CaST rallies support for junior on medical leave

Max Ritvo ’09 plans to return to school as a senior next year, as he keeps up with his studies while undergoing cancer treatment in New York City. 
In mid-October, Ritvo was diagnosed with Ewing’s Sarcoma, a rare bone cancer that most commonly affects preteen and teenage boys.
He was flown by air ambulance on Oct. 16 to New York City where he is currently receiving care at Memorial Sloan-Kettering Cancer Center. 
In Ritvo’s case, the cancer is 97 percent treatable, he said. 
Ritvo and his parents will live at their residence in Manhattan during the next seven months while he undergoes chemotherapy.
Between treatments, Ritvo finds solace in his studies, determined to do “as much work as I can do” while away from school, he said.
The school helped Ritvo get the necessary books and syllabus from Laurel Springs School, where he submits his schoolwork. 
“The administration has been wonderful and so helpful,” he said. “They are making sure I’m going to be ready to come back to school.”
Ritvo also has a tutor to help him with his studies, often for four hours a day.
A participant in school drama with a deep passion for literature and philosophy, Ritvo recently received a video of a BBC series adapted from the book “I, Claudius” from a school friend in a care package.
He said he likes to spend his free time reading and learning beyond school requirements.
“I enjoy the intellectual stimulation,” Ritvo said. “It takes my mind off things.”
Ritvo has received many other care packages and letters from individuals, while the Upper School Crisis and Support Team sent a giant card that was available in the library for students to sign.
They will also send DVDs, CDs and any other items friends would like to give to Ritvo.
“The community has been very loving,” Ritvo said. “There are some people I was friendly with who have just been so diligent in making me feel loved.  That’s the Harvard-Westlake community right there.”

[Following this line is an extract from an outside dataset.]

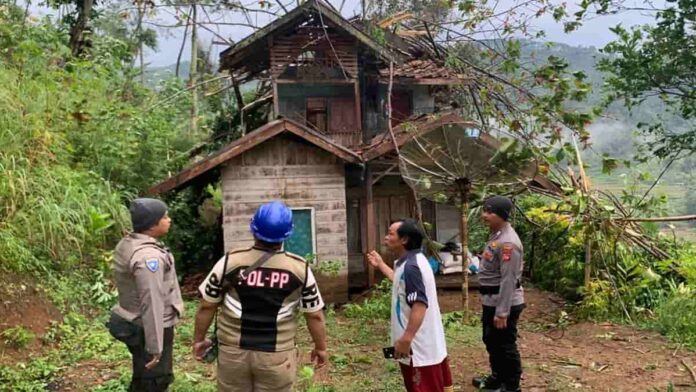 Rumah warga Garut yang rusak akibat tertimpa pohon tumbang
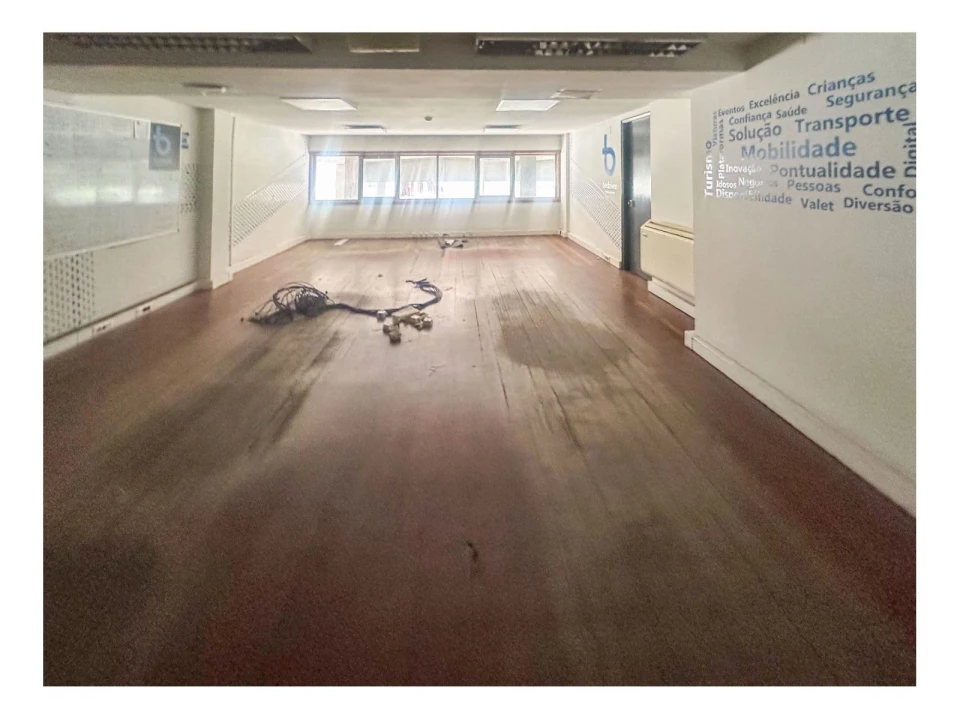 Armazém para Arrendamento em Arcozelo Foto 19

Eli Moghavem ’10, who is heading the CaST project, felt that though he does not personally know Ritvo, he wanted to generate a community response.
“I think that it is really important to send him the card along with the care packages to keep his hopes up and to keep him happy,” Moghavem said.

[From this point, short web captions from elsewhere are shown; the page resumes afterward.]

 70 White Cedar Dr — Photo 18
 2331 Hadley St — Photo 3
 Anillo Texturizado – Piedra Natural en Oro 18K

Students started a Facebook group titled “I Love Max Ritvo” in mid-October dedicated to leaving messages for Ritvo. 
His mother, Ariella Ritvo, has begun posting regular updates about Max and his condition on the forum.
Students can also leave messages for Max by joining the group, which he checks regularly.  They must create an account through Facebook.com to gain access to the group.
Max hopes that students realize from his situation that illness “can happen to anyone,” and that his battle will be a long-term one, though he said he has no reason to believe so far that the support will wane. 
He is  already impressed by the ever-expanding Facebook group and mail pouring in to his New York home.
“I want everybody to understand this is not something controllable,” Ritvo said. “It’s very hard to empathize. This is a constant source of not feeling well. But you need support.”